Rhodri Morgan blamed Labour’s collapse in the recent council elections on the leadership of Gordon Brown. But the simple fact is that the party founded by and still primarily funded by workers has been betraying those workers for eleven years – and Labour in Wales has played a full part in that betrayal.
The scale of Labour’s humiliation is staggering. With only a third of the electorate bothering to vote, and Labour winning just 24% of those votes, no more than one in twelve voters put their cross next to a Labour candidate. In Wales Labour fared no better than in England – and in the Vale of Glamorgan, proposed site of Morgan’s beloved military academy, the Labour-Plaid coalition lost power to the Tories.
The Morgan administration has enacted reforms at the Senedd which have counteracted some of the effects of the neo-liberal Westminster government. But the depressed state of so many Welsh communities demands urgent and radical action, paid for by public funds, which in turn requires outright opposition to free-market ideology and privatisation in all its forms. So why are Labour trumpeting the biggest PFI in history at St Athan, costing £11 billion of taxpayers money to create at best 2000 jobs at an incredible £5.5 million a job!?
Iraq is often cited as a major reason for voters’ disillusionment in Labour. So why did Rhodri Morgan fail to utter one word of condemnation of the invasion? If this was, as has been mooted, part of a deal whereby Blair would not interfere in Morgan’s running of Wales, then Labour’s collapse here is due reward.
Time and again, from the axing of the Llanwern steelworks to the closure of the LG factory in Newport, Labour politicians in Wales have no answer except they are sorry, but we are all helpless in the face of the all-powerful market.
However, Morgan and co are quite happy to embrace capitalism when it promises ‘jobs for Wales’, even when this is based on a complete lie, as at St Athan. Devolution in Wales, as in Scotland, has spawned a narrow nationalism which has played straight into Plaid’s hands by declaring there is such a thing as a “Welsh interest”, when in reality the interests of the working-class and those of their exploiters remain as incompatible as ever.
As PR have constantly argued, there is no short-cut to a revival of class-consciousness amongst workers without the rebuilding of labour organisation and the defiance of anti-union laws in order to succesfully prosecute struggles. For this reason we welcome wholeheartedly the upsurge in working-class militancy which the government’s loss of credibility is fostering. And for this reason also we have criticised the wholesale capitulation to electoral politics into which much of the left has fallen. It is a sad fact that, however derisory Labour’s results have been in this election, the results of groups further to the left have been correspondingly awful.

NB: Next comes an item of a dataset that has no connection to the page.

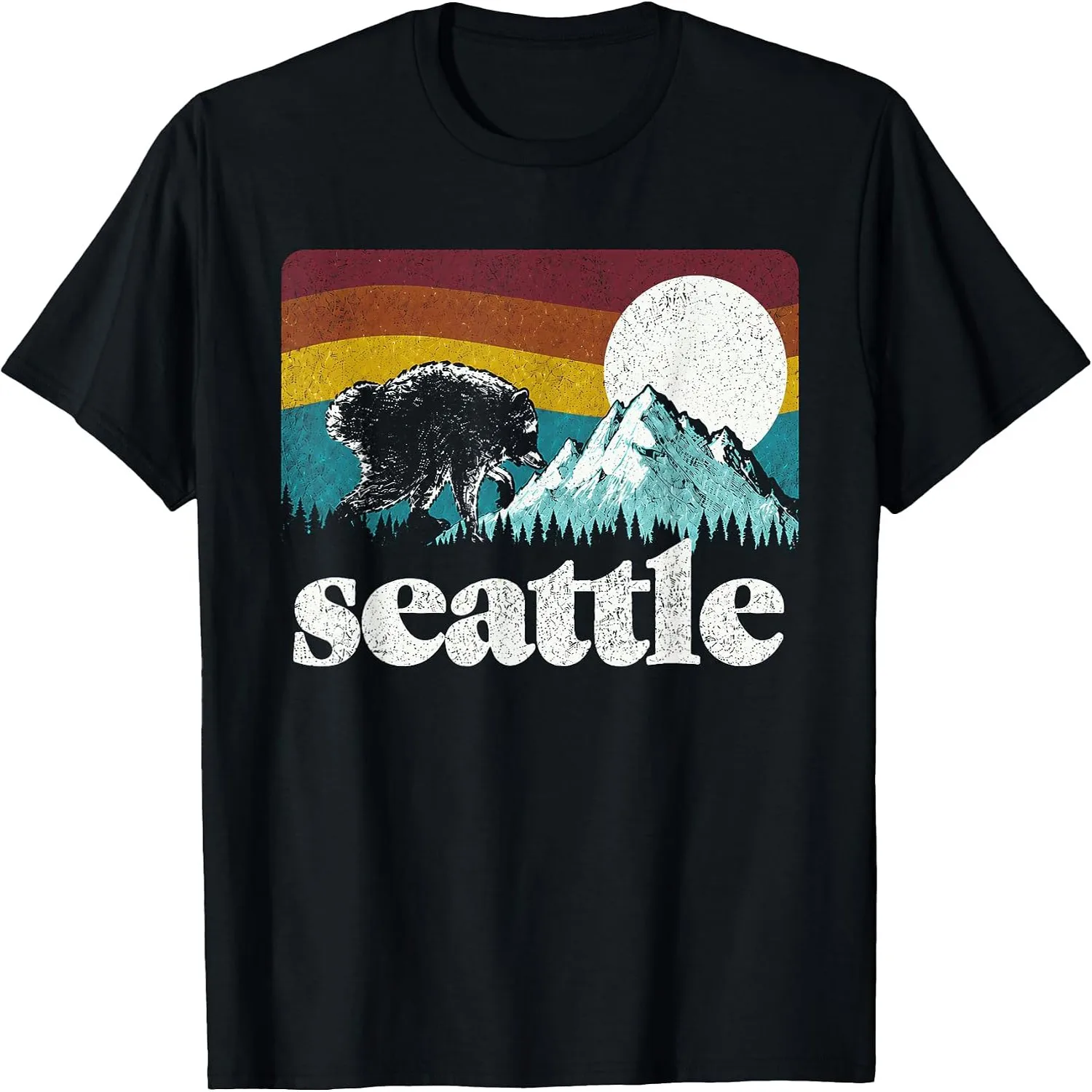 Jimothy Viral Raccoon Seattle Washington Mountains Retro T-Shirt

This phenomenon was not limited to Cardiff, where the Socialist Party and the SWP/Respect/Left Party shared a few dozen votes between them. There is no dressing up the scale of the left’s defeat throughout the UK: in the London mayoral election the fascists got 53,000 more votes than the only left of Labour candidate. Respect Renewal did little better, winning no more than a single additional councillor in Birmingham. Its combined vote in London was lower than that of the BNP, who now boast a seat on the GLA – a presence every socialist in London must actively campaign against and challenge.

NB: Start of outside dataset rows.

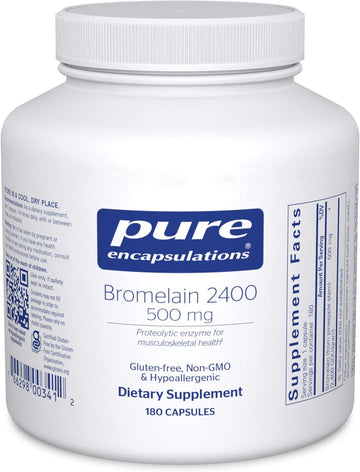 Pure Encapsulations Bromelain 2400 500 Mg - For Digestive Support & Musculoskeletal Health - Supports Joints & Muscle Recovery* - Proteolytic Enzymes - Vegan - 180 Capsules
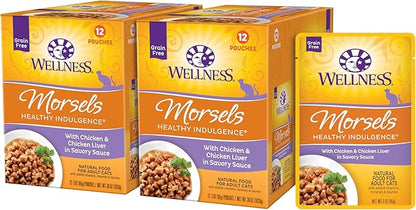 Wellness Healthly Indulgence Morsels Adult Wet Cat Food, Natural, Protein-Rich, Grain-Free, 3 Ounce Pouch, 24 Pack, (Chicken &amp; Chicken Liver)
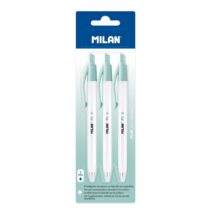 Milan P1 + Pack de 3 Boligrafos de Bola Retractiles - Tinta Azul - Punta Redonda 1mm - Superficie Antibacteriana - Color Blanco
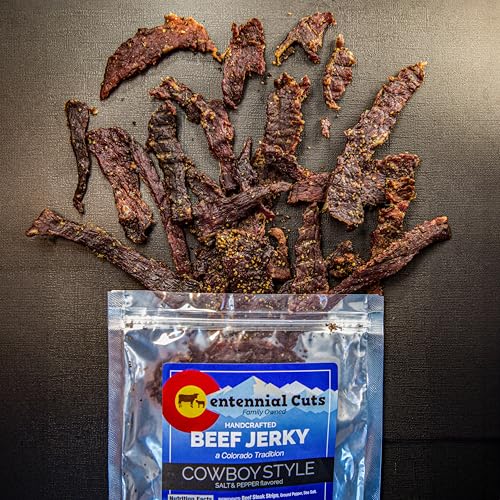 Image of Centennial Cuts Beef Jerky - Cowboy Style - High Protein, Zero Sugar & Zero Carbs, 3 Simple Ingredients - 7 oz Snack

So what way forward now? The idea that the left can mount a united electoral challenge is comprehensively refuted by the experience of the last decade. The various attempts at left unity – the SLP, SSP, SA, Solidarity, CNWP, Respect and Respect Renewal – have all failed.

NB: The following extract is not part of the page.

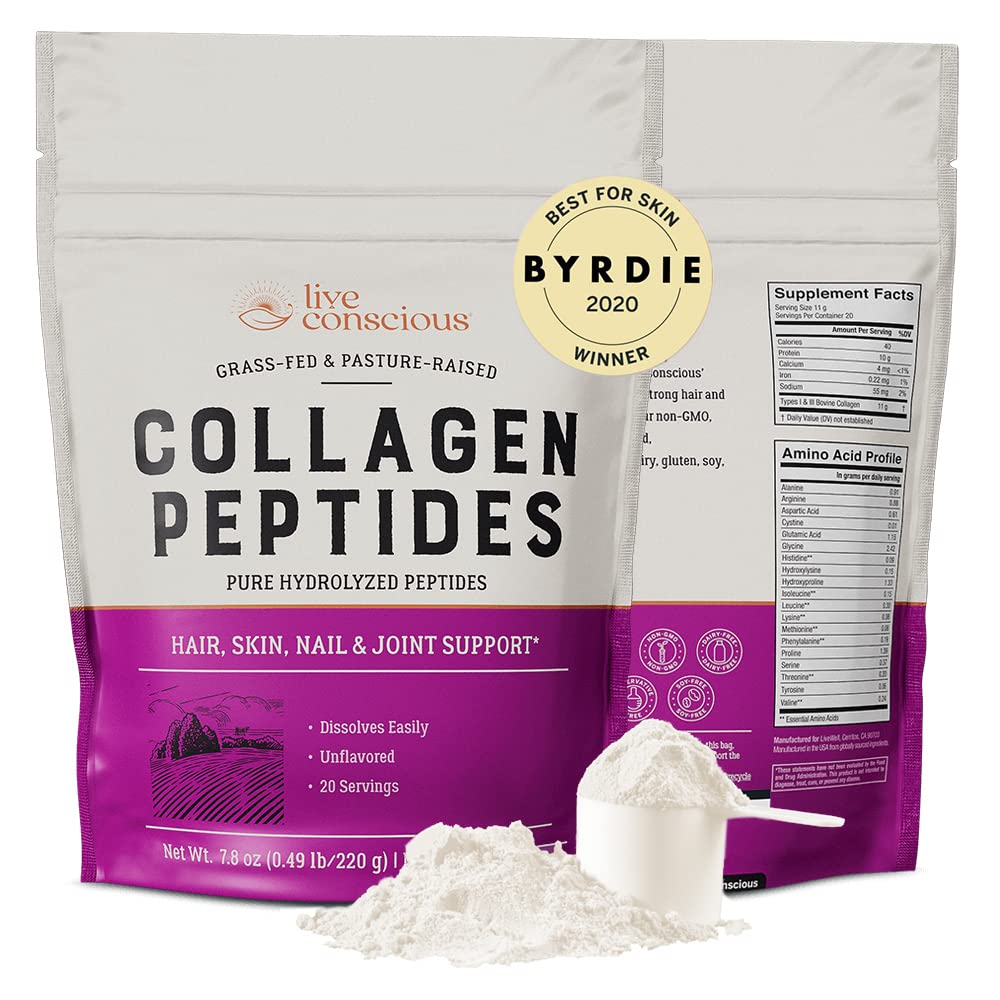 Live Conscious Collagen Powder Hydrolyzed Collagen Peptides Type I & III Unflavored, Keto & Paleo Friendly, 7.8 oz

This was certainly in part because of the conflicting interests of the various groups involved. However, more importantly it was because, rather than addressing what the working class objectively needed to take it forward, these groups were all premised on something the working class certainly did not need – the abandonment or watering down of huge chunks of the socialist programme in order to make their electoral message more palatable.
The left has to rebuild itself first and foremost in the struggles outside Parliament. When it engages in electoral activity in future it must present an uncompromising revolutionary anti-capitalist programme – it could hardly fare worse than it did this time around! If we do not raise revolutionary socialist arguments, how will we ever build a revolutionary vanguard within the workers movement?
Instead of another false unity initiative the left needs to honestly and openly reassess its mistakes over the last decade. No single party however nominally broad can at present encompass a spectrum of activists both inside and outside the Labour Party and on the left of the Greens as well as non-aligned socialists and members of the various left groups.
But socialists from all these strands of the left must begin to organise and work alongside each other now. The demand that before we can unite in action we must join a single party or quasi-party organisation is a sectarian barrier to the real regroupment that urgently needs to take place.
Rather, activists need to agree to fight together around the key priorities of the working class now. That means starting right now to build the base organisations of the unions ready for a renewed offensive by Labour and the Tories. It means fighting any upsurge in repossessions or evictions with the oncoming housing crisis. And it means standing firm against the continued attacks on women’s rights and immigrants, campaigning resolutely against the war and using opportunities like the Convention of the Left in Manchester this September to agree on joint campaigning priorities and to begin a real debate about the way forward.